Spamalot – Original Broadway Cast Recording (2005) What can I say? I’ve been a Monty Python fan most of my life and for one of the boys to win a Tony for best musical… Well, we have to celebrate. They’re not dead yet!

Bonnie Raitt – Give it Up (1972) I have been way behind in getting Bonnie onto my stream. She is one of the great women in rock and roll. This album, her sophomore effort already displays the qualities that have made her famous: Her throaty vocals and classic slide guitar.

Monday, June 06, 2005

Tomorrow Tomorrow

Between the Mars Volta concert on Saturday and the Aids walk on Sunday, I had nothing left by the time it came to getting this weeks set out. But I promise... Tomorrow morning there will be a new set of music. Included in that set will be new music from Shelby Lynne and Shivaree and maybe a bit of Spamalot.

I enjoyed reading all of your comments on Sam Phillips' show. Please feel free to comment on any of my posts.

Wednesday, June 01, 2005

A Little Sam Phillips at Largo

Annie wrote me the other day and said, “I’m back online after a month.” She then began listing concerts that were coming up (Annie’s concert emails are a great source for live shows). And then she said, “And of course Sam Phillips is playing tomorrow.” WHAT! WHAT?

So I packed my daughter, Jessie, in the car and off we went to see Sam. Actually, it was a David Palmer performance (keyboardist for Joe Henry and others) and Sam was only going to sing a few songs. But with Sam in the studio and working on Gilmore Girls this year, I’m taking every opportunity to see her.

The opening act was Mark Goldenberg, who did some wonderful unaccompanied jazz guitar playing. Then David came on and played some amazing songs; covering a wide range of styles, from Elliot Smith to Sonny Rollins. After about 4 songs, he invited Sam to come up and sing. With just his brilliant improvisational piano behind Sam, we got to see a very different Sam Phillips. Sam likes to call herself a torch singer these days, and who can argue with her. But her band has its own unique sound. With David, Sam had a torch piano player behind her. It gave her songs that real jazz torch singer sound: A sound that she’s only flirted with so far. It was stunning. Okay, Sam is always stunning (especially in Black, which she loves to wear onstage), but this was special. It was the jazz side of Sam, and although they are the same songs she plays with the band, they felt so different.

During the performance, Sam would look back strangely at David. I thought it was because of his improvising of her songs, but actually it was because he was humming with the songs; and not the tune of the song. Sam was surprised by it, but seemed to really love it.

Below is her set list. A highlight continues to be Tom Waits’ “Green Grass” from his latest CD. She owns that song now, as far as I’m concerned. She is talking about possibly recording it. I hope so.
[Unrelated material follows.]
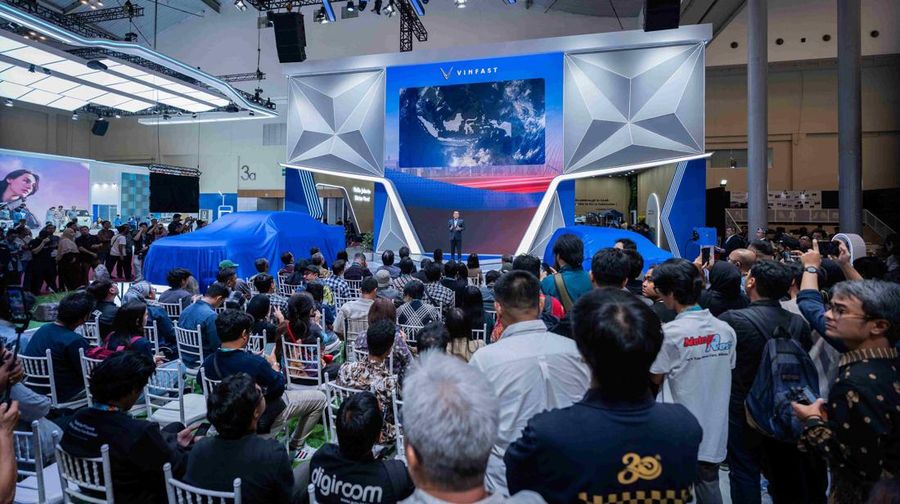 VinFast resmi menampilkan untuk pertama kalinya Limo Green, MPV listrik dalam ajang GAIKINDO Jakarta Auto Week (GJAW) 2025 di ICE BSD City, Tangerang. (Dok. VinFast)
It really fits the music she is writing.

  1. Say What You Mean
  2. Edge of the World
  3. Green Grass (written by Tom Waits)
  4. Reflecting Light

After Sam left the stage, Eric Gorfain (the lead violin for the Section Quartet) joined David, a drummer and a bongo player and proceeded to perform some classic 60’s/70’s styled improvisational jazz. It was really good. It brought back memories of people like Jean Luc Ponty and Chick Corea, who I used to enjoy in the 70’s. David created these wonderful soundscapes that allowed Eric to soar on top of. I can only imagine how good it would have been if they actually had a sound check.

Okay Sam news. The goal for the next CD is fall, but no guarantees. T-Bone’s new CD has been pushed back because of production assignments, so look for it next year. T-Bone’s live tour will be something you’ll tell your grandkids about. Don’t miss it. Gilmore Girls has been picked up for at least one more, maybe two more years. So Sam has a steady job for now.